Bären haben Angst vor Menschen

Wenig zu befürchten haben Wanderer entgegen der weitverbreiteten Meinung vor den gemeinhin als gefährlich geltenden Wildtieren, die in der Schweiz vorkommen - dem Braunbären, dem Wolf und dem Luchs. Sie alle fürchten sich vor dem Menschen, wie Philippe Steiner vom Westschweizer Sekretariat von Pro Natura auf Anfrage sagte.

Wie sich allerdings im Fall des Jungbären «JJ3» gezeigt hat, können die Tiere bei ihrer Nahrungssuche in bewohnte Gebiete vorstossen, ihre natürliche Scheu überwinden und zu «Problembären» werden. Das «Konzept Bär» des Bundes sieht in diesem Fall den Abschuss vor.

Bei der Begegnung mit einem Bären sollte der Wanderer ruhig an Ort und Stelle verweilen und nicht auf das Tier zugehen.

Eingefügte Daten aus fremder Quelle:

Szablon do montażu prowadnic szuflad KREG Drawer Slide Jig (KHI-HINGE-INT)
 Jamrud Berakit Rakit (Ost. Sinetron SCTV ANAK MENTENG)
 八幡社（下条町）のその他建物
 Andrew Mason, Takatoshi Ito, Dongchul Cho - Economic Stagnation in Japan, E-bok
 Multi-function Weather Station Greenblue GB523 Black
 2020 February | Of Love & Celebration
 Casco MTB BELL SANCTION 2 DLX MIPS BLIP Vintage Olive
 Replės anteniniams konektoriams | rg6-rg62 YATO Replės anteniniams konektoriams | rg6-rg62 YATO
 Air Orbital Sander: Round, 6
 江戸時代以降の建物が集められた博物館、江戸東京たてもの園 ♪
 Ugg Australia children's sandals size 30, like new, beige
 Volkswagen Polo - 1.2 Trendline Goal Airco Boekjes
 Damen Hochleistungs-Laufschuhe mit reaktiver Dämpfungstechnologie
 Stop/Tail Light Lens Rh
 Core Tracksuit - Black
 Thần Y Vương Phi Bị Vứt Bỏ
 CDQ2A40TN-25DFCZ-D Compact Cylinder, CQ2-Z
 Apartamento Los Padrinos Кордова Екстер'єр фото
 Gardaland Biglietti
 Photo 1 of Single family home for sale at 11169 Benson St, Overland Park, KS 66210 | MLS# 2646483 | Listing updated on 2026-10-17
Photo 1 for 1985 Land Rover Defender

Kommt es zu einem Angriff, sollte man sich regungslos auf den Bauch und den Kopf mit den Händen schützen.

Flucht kein Mittel

Philippe Steiner warnt im unwahrscheinlichen Fall einer Bärenattacke davor, das Heil in der Flucht zu suchen, da der Bär viel schneller läuft als der Mensch. Ein Baum ist ausserdem kein geeigneter Zufluchtsort - Bären sind vorzügliche Kletterer.

Zurzeit hält sich mit dem zweieinhalbjährigen Männchen M13 ein Braunbär in der Schweiz auf. Er war erstmals am Ostersamstag im Unterengadin aufgetaucht und wurde kürzlich im Schweizer Nationalpark beobachtet.

Keinerlei Gefahr für die Wanderer stellt der Wolf dar. Attacken auf Menschen seien nur in Rudeln möglich, sagte Steiner. Wolfsrudel wurden bisher in der Schweiz noch nicht beobachtet. Praktisch ausgeschlossen werden die Begegnung mit einem Luchs - zumindest bei Tageslicht.